Supplied data.
*-*-*
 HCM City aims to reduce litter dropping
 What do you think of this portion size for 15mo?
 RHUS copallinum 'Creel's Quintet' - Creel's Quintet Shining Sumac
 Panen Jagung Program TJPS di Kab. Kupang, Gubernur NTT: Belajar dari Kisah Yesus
*-*-*
What to do. The data must be duplicated exactly, with nothing left out.

Result of the task.
 HCM City aims to reduce litter dropping
 What do you think of this portion size for 15mo?
 RHUS copallinum 'Creel's Quintet' - Creel's Quintet Shining Sumac
 Panen Jagung Program TJPS di Kab. Kupang, Gubernur NTT: Belajar dari Kisah Yesus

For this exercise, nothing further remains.